Repeat exactly, and only, the lines below starting at the line that contains "Snapshot of MarielRoloson" and ending at the line that contains "Certified 2024 Porsche", inclusive of both.
START Listed entries
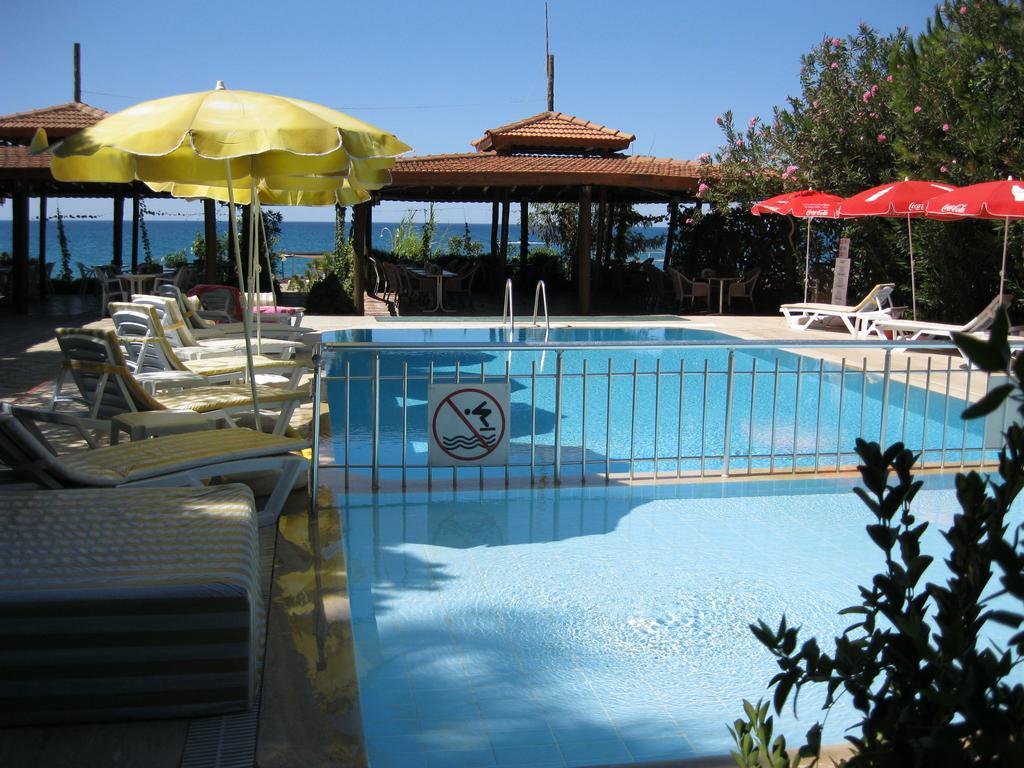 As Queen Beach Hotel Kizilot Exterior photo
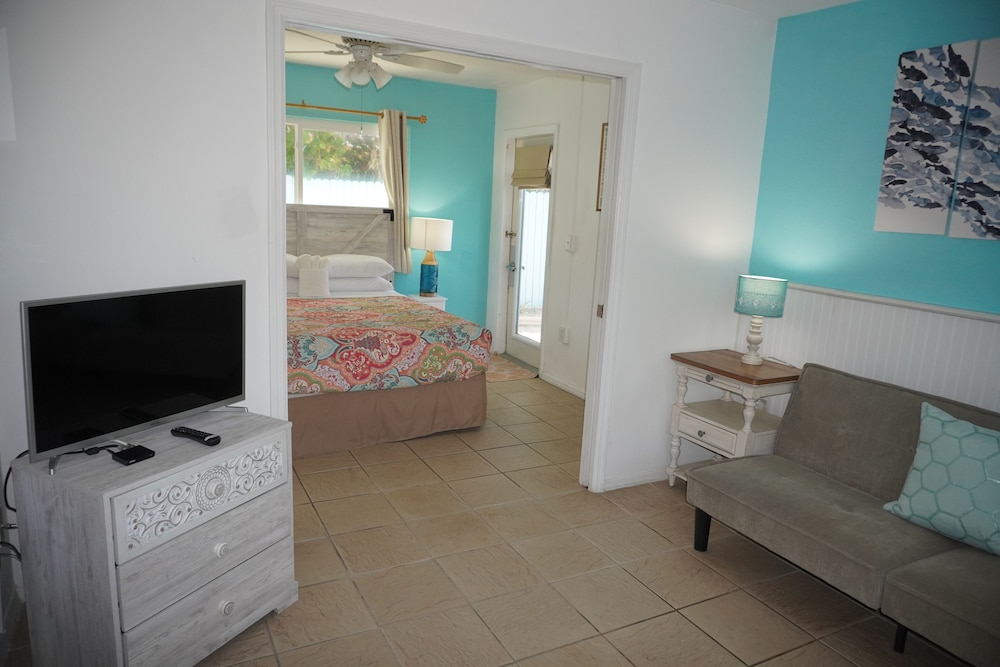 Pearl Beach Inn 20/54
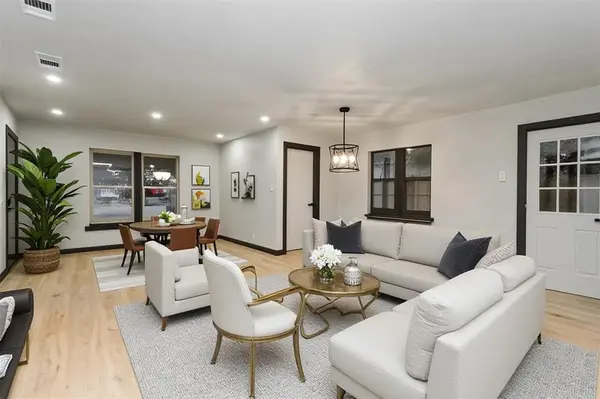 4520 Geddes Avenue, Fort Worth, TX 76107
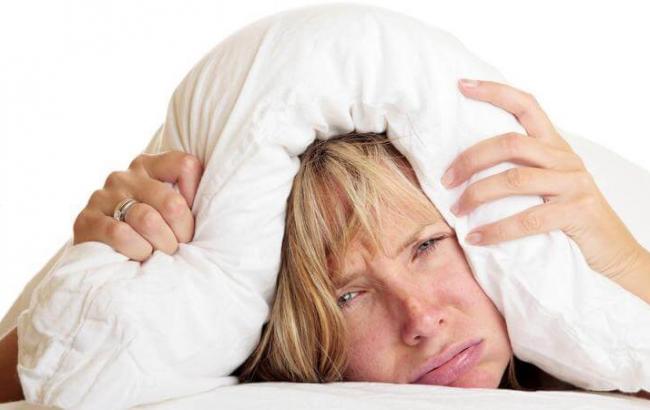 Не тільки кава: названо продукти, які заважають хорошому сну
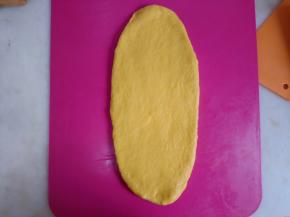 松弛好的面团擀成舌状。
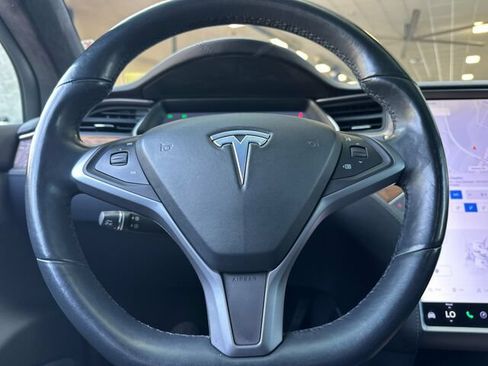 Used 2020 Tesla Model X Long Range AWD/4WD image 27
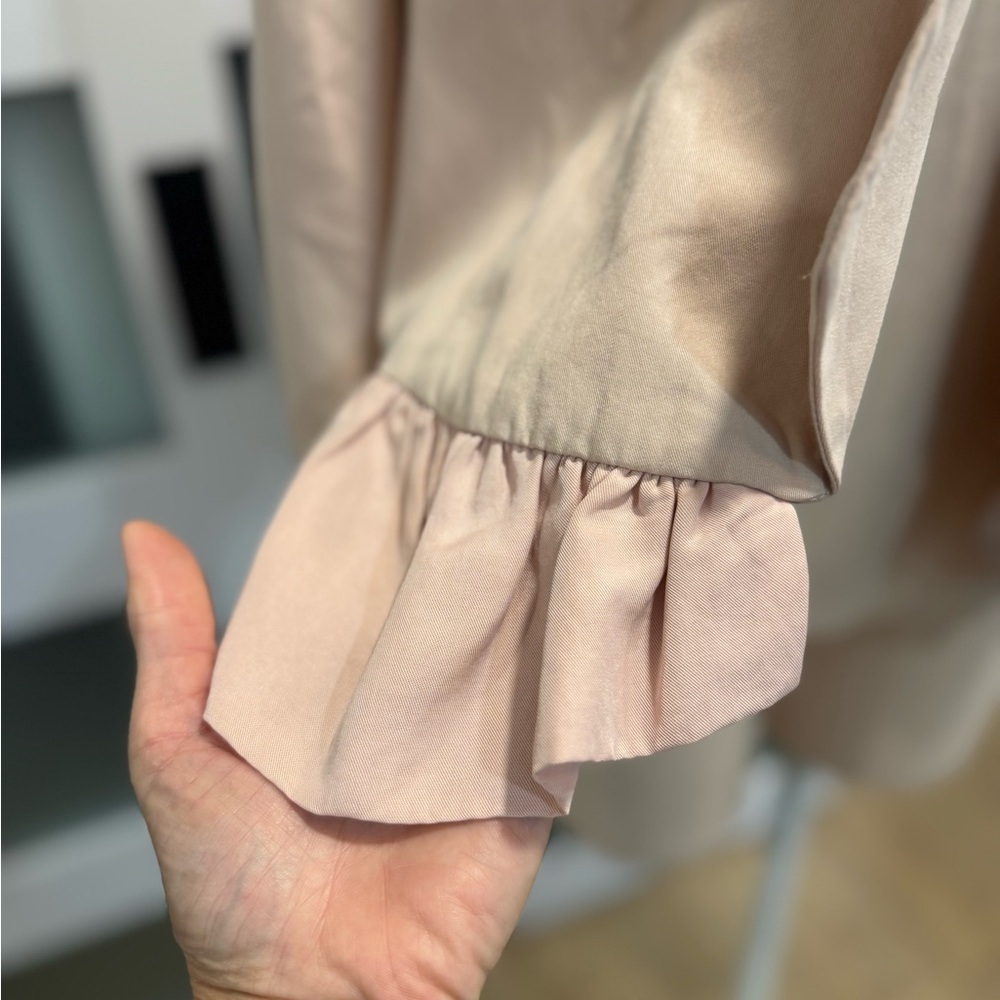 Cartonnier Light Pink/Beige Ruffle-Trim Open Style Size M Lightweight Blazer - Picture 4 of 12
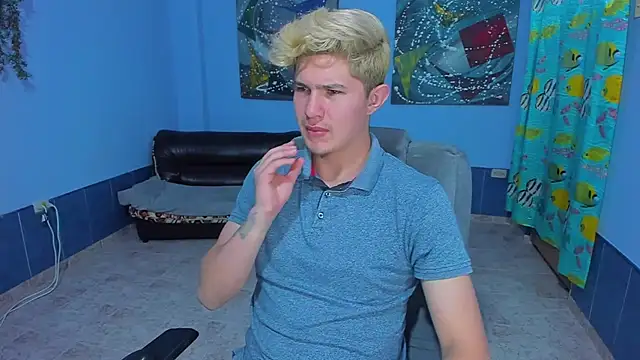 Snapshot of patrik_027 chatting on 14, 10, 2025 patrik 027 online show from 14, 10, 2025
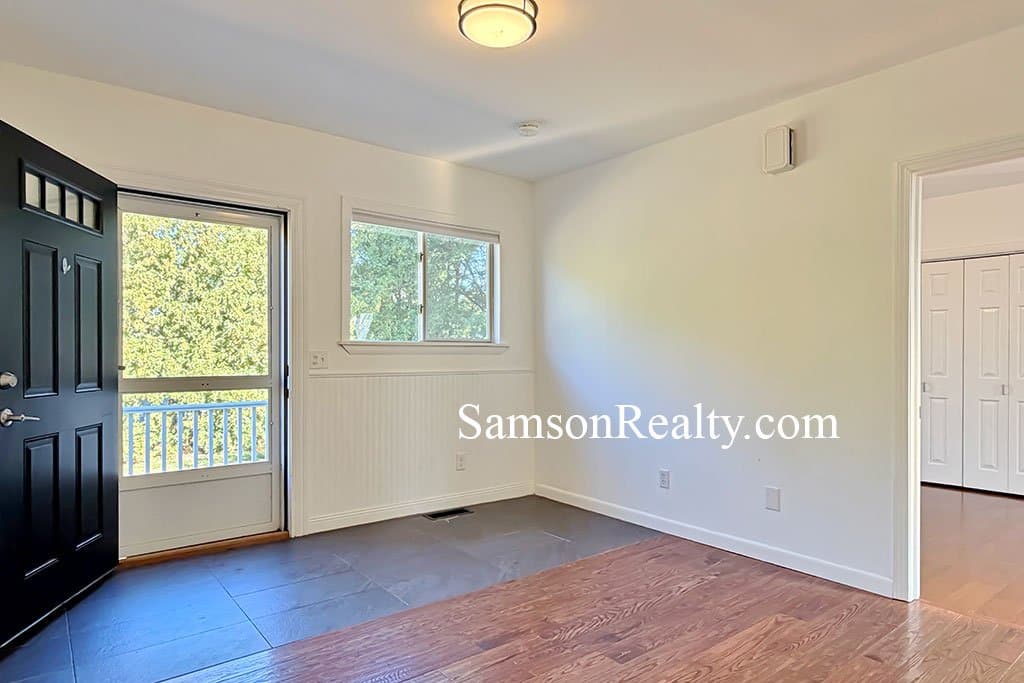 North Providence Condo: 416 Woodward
END Listed entries
START Listed entries
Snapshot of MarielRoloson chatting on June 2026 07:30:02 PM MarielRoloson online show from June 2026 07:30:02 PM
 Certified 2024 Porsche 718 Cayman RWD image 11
END Listed entries
START Listed entries
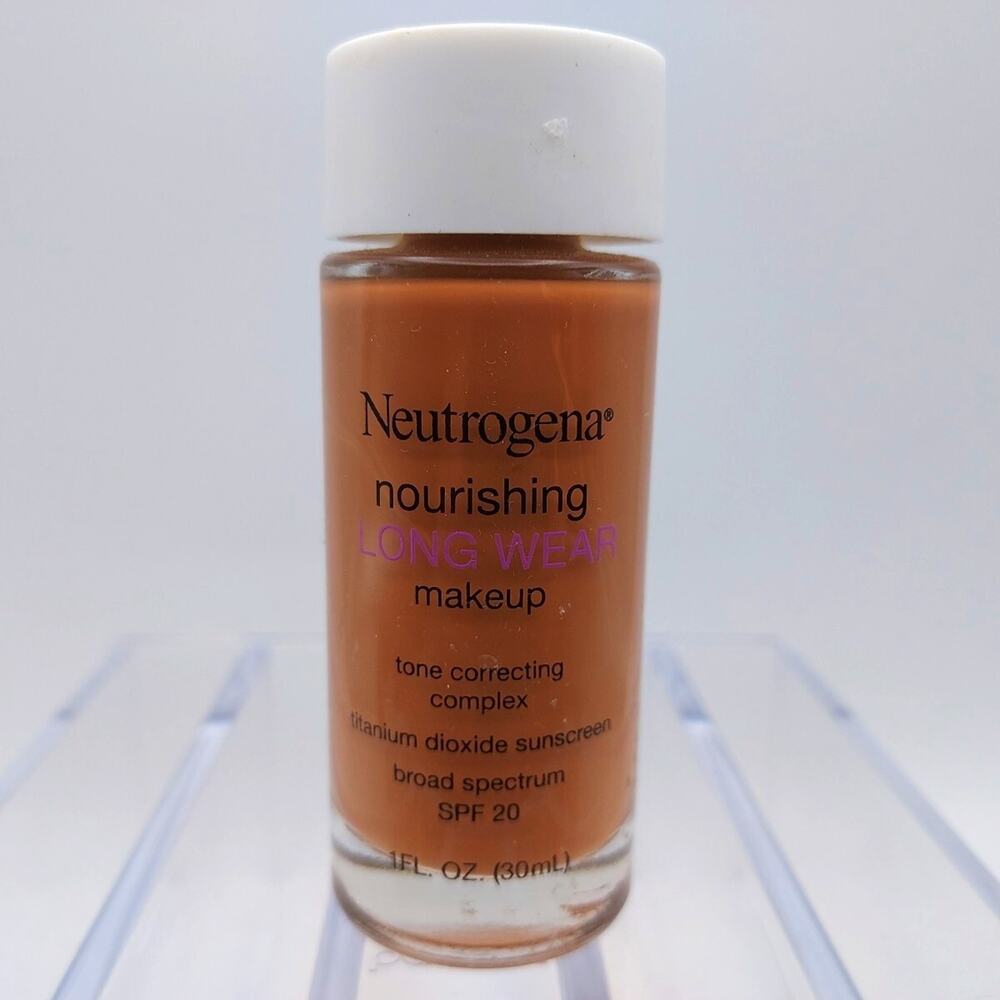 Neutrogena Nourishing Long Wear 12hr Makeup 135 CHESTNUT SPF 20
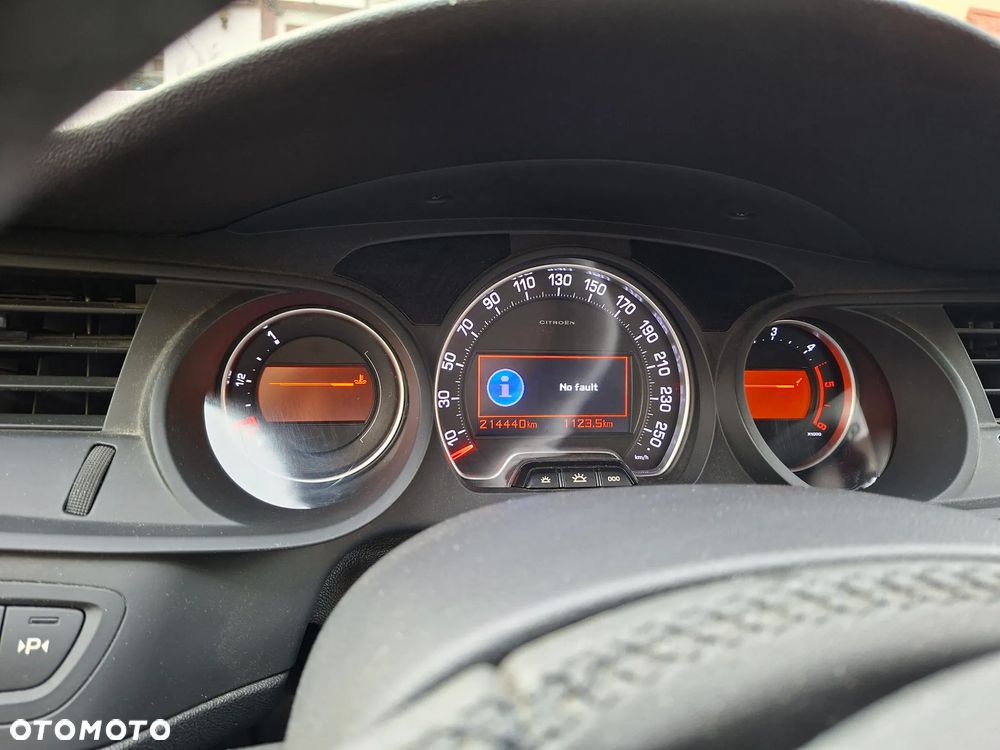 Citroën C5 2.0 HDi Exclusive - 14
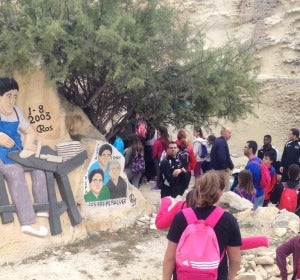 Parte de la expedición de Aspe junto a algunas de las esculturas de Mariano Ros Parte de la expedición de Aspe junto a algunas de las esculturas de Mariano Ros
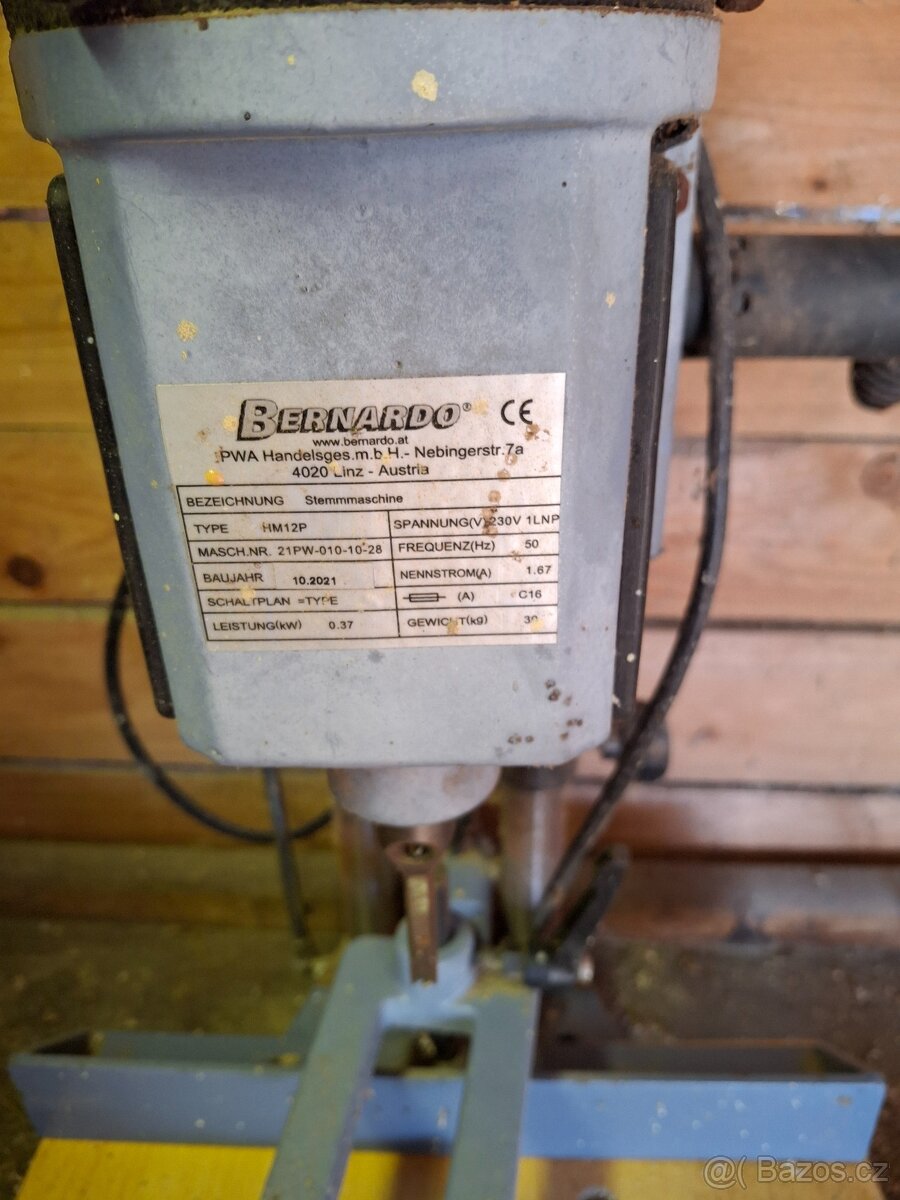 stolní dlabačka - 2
END Listed entries
Expected answer —
Snapshot of MarielRoloson chatting on June 2026 07:30:02 PM MarielRoloson online show from June 2026 07:30:02 PM
 Certified 2024 Porsche 718 Cayman RWD image 11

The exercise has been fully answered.